Miller portrayed LeRoy's complaints as those of a problem tenant. He said Western Development had loaned $2 million to LeRoy's Cafe Partners, an investor group put together by Merrill Lynch & Co. to finance Potomac, because LeRoy ran out of money while the restaurant was under construction.

"When he opened, he asked for deferred {rent} payments," Miller said. "We've spent an enormous amount of time with him. His construction manager walked off in the middle of the project. ... I wouldn't stoop to his level of leaving town in the middle of the night and leaving bills with vendors and so forth."

Miller said LeRoy had suggested to him yesterday that Western Development become a partner in the restaurant. Miller said he declined.

"We feel we owe it to the city to have a restaurant with honorable owners and good service there to provide to the city what he originally promised, which is a spectacular restaurant," he said.

Miller said he had received calls from restaurateurs across the country yesterday who expressed interest in the space Potomac occupies.

According to the suit filed by the restaurant, "From the outset of construction there were numerous disputes ... because {Washington Harbour Associates} repeatedly breached the lease, causing {Potomac} to incur several million dollars of additional expenses."

LeRoy said in an interview yesterday that the 15-month-old restaurant was not open long enough to build sufficient banquet and group business so that "we could afford the $1 million legal fees and $1 million in excess costs of the landlord."

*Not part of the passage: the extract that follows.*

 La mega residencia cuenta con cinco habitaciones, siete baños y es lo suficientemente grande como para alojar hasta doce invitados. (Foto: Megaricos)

The $68 million judgment asked for by LeRoy seeks to recover $3 million in the partnership's lost investment and $65 million in lost profits over the 40-year term of the lease, according to attorney Stephen B. Huttler.

Other tenants of Washington Harbour yesterday said they are worried about the vacancy created by Potomac's problems, because the restaurant was a big draw that provided customers for the retail shops there.

"We had hoped for a better draw," said one retail tenant who asked not to be identified.

"But there's too much green paper," he said, referring to the green paper that covers the windows of retail space that has not been leased.

Other renters said Potomac's problems went past concerns about the landlord. The restaurant, said one, "simply wasn't good enough. ... It wasn't an adequate place to go for the price."

What other tenants are not disputing, however, is the problem with costs that several estimated as being four to eight times higher than the developer initially had led them to believe.

"It's a spectacular building and we're glad to be in it," said one of the office building's tenants, who asked not to be named.

But the cost for overhead and upkeep is a "significant problem," he said.